Indeed Mr Wilson himself said he had been asked to go to Niger because of a request by Vice President Dick Cheney's office.
So he presumed that Mr Cheney's officials had been informed of his findings.
It is interesting to note that the CIA, in its own assessment of Iraq's weapons issued shortly after that of the British government, did not mention the Niger connection.
Democrats in Washington are now demanding an inquiry.

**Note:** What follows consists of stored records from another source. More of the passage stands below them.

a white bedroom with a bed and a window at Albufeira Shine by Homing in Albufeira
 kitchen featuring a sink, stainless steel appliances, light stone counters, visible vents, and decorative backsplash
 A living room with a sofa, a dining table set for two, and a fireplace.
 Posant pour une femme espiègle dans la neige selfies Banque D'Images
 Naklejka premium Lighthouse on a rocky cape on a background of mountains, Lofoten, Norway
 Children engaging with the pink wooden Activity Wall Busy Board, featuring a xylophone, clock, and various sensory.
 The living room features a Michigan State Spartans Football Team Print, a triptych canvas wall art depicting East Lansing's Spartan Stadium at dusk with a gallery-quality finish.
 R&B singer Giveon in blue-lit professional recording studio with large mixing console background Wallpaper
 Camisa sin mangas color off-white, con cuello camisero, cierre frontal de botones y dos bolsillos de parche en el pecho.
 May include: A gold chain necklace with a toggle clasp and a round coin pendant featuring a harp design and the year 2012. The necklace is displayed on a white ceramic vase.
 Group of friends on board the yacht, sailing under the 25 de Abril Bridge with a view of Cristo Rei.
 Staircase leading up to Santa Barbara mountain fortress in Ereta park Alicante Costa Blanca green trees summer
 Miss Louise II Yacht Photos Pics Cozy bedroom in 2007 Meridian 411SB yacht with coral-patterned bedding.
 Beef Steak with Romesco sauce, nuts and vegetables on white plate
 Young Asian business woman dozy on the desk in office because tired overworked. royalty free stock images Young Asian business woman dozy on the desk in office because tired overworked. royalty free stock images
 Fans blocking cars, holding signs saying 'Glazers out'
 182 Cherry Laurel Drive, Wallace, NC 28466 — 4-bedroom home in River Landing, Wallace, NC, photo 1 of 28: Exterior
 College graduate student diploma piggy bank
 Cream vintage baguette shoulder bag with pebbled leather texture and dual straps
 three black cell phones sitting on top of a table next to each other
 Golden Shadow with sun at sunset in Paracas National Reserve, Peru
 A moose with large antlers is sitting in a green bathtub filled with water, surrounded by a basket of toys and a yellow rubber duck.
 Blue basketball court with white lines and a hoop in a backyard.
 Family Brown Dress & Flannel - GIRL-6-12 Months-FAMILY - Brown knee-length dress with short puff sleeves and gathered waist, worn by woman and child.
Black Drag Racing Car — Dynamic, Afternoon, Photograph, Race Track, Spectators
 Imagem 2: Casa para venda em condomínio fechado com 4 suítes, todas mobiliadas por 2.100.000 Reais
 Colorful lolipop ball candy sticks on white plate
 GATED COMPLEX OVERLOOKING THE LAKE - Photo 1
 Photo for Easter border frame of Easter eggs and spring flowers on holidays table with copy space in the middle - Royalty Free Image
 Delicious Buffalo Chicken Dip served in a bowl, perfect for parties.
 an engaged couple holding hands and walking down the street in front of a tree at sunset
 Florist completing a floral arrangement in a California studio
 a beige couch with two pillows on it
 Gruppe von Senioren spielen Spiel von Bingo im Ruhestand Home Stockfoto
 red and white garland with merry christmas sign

Had the president been kept in the dark or had the Wilson report got lost in the system and if so, why?
Senator Ted Kennedy said: "It's bad enough that such a glaring blunder became part of the president's case for war. It's far worse if the case for war was made by deliberate deception."
London and Washington split
President Bush, asked about the Niger issue at a news conference during his visit to South Africa, did not answer directly but said that he was "certain that Saddam Hussein had a weapons of mass destruction programme."
Like Mr Blair, he has dropped the assertion that Iraq actually had weapons. Both now say that it had a "programme."
Another question needs to be answered. Was the British Government informed of the Wilson report?
Soldiers are yet to find weapons of mass destruction in Iraq
|
The British Foreign Secretary Jack Straw was asked about this by the House of Commons Foreign Affairs Committee and said he would "find out."
The split with Mr Blair arises because the British Government is standing by its document.
It is doing so despite the White House admission, the Wilson report and the IAEA revelations because it says that it is relying on other intelligence.
The British Government also says that, when it drew up its dossier, it had not even seen the documents later shown to be forged.
Mr Blair told a committee of MPs on Tuesday that the evidence about the Niger link "did not come from these so-called forged documents. They came from separate intelligence."
The allegations, he said, were not "fantasy." He pointed out that in the 1980s, Iraq had bought uranium from Niger.
The Foreign Affairs committee asked what this other intelligence was but has not been told.
It wants to know and, in any case, has said that the language used in the dossier should have been "qualified to reflect the uncertainty."
Perhaps Mr Straw will tell the Intelligence and Security Committee which is also inquiring into Iraq and which works in secret.